When we were married in 1964 my husband was a professor of theatre with three sons, ages 2, 3 and 4. He was in the process of completing his doctorate and we expected to build a nice, secure future in academia. Six years later, when the structure of the academic world began to constrain his creativity, he left college teaching for the uncertainties and risk of work in the professional theatre. It was amidst those uncertainties that our son, the fourth Tolan male, was born. Over time, through plenty of ups and downs, my husband became well known in the regional theatre world as a director, manager, producer and idea person, and he went on teaching from time to time. Actors tended to love working with him. Though he eventually retired from both directing and teaching, the young actors he had worked with in his early years still regularly appear—as senior citizens now, of course—in television, film and theatre. At his memorial service many people (both actors and former students) told of how his faith in them, his ability to spot, encourage and trust innate talent, and his passion for sharing his love of theatre had helped to shape their careers.

Life Number Two

The first born son was a clear example from early childhood of the gifted, hard-working, disciplined and organized achiever. With a clear view of what he wanted in life, he moved steadily and successfully through his many years of education, took on the financial burden of a superior medical school, studied abroad, and became an eminent pediatric infectious disease specialist, researcher and educator, widely known and steadily published in the major journals. He was brilliant, but also caring enough to give his cell phone number to the families of his patients and to his colleagues alike. His much sought-after advice was available 24/7. When he suffered a sudden cardiac arrest in July at the age of 52, he was working at three hospitals and well on his way to being nationally recognized as one of the clear leaders in his field. The often repeated message delivered at his memorial was that it would take many individual doctors now to fill the gap his death had left in his field.

Life Number Three

The second son (age 51 when he succumbed to esophageal cancer in April) was a caring “people person,” who seemed, from earliest childhood, “allergic” to competition. Always available to lend a hand to someone in need, or to rescue an animal and provide it a home, he majored in Religious Studies and Political Science at Indiana University. While working in food service during high school, he had discovered a love for cooking, and after college (following his father’s example of daring to follow a dream that did not guarantee either financial or job security) opened a restaurant—a time he often said was the happiest in his life, cooking good food for hungry and appreciative people. After an economic downturn that resulted in his restaurant’s closing, though he found a variety of ways to be of service, he never managed to get a handle on worldly success, let alone fame or fortune. A cousin, however, once called him the kindest person she had ever met. In the varied work he did over his lifetime he was loved and admired by the people whose lives he touched.

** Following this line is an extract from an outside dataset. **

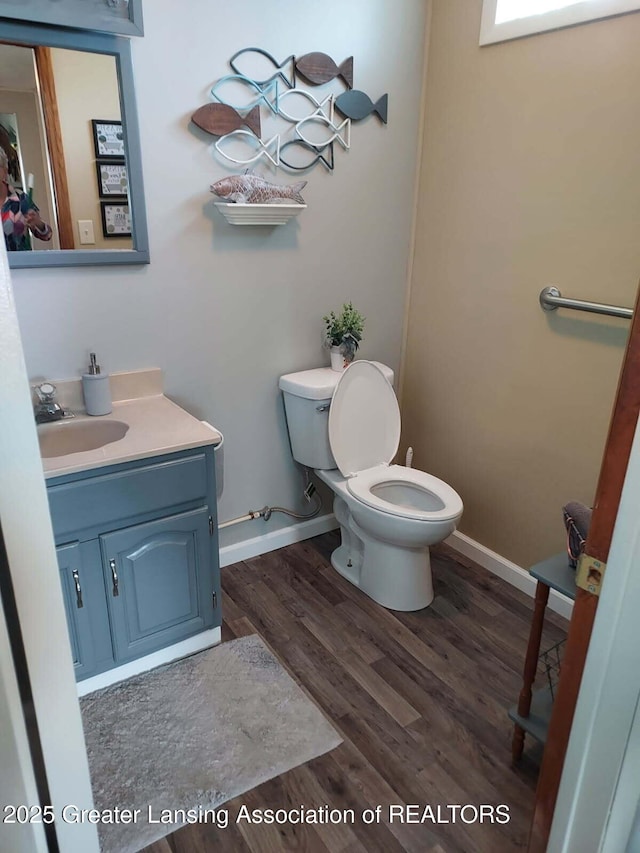 6391 Lakeshore Dr, Lakeview, MI 48850 - half bathroom with toilet, baseboards, vanity, and wood finished floors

What would the argument about innate gifts vs. worldly accomplishment have to say about these three lives? All three showed the sort of asynchronous development typical of the gifted in the Columbus Group frame of reference. But which of them would the world have recognized as gifted? And which of them would claim the term for themselves?

I ask now, what, finally, does it matter? Life matters. Individuals, in all their complexity, matter.

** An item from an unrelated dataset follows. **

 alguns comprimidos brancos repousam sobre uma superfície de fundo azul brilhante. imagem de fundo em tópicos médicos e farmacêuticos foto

As for whether a person, looking back on his life, would consider himself a “success,” no one else could possibly know. For everyone life is a series of peaks and valleys. What looks like a valley of failure from the outside might be felt as one of life’s greatest successes once survived and moved through. And some of the peaks of success as viewed from the outside might have felt barren and meaningless once achieved. Achieving “success” must finally have to do with the individual’s own goals, wishes, dreams, visions and passions.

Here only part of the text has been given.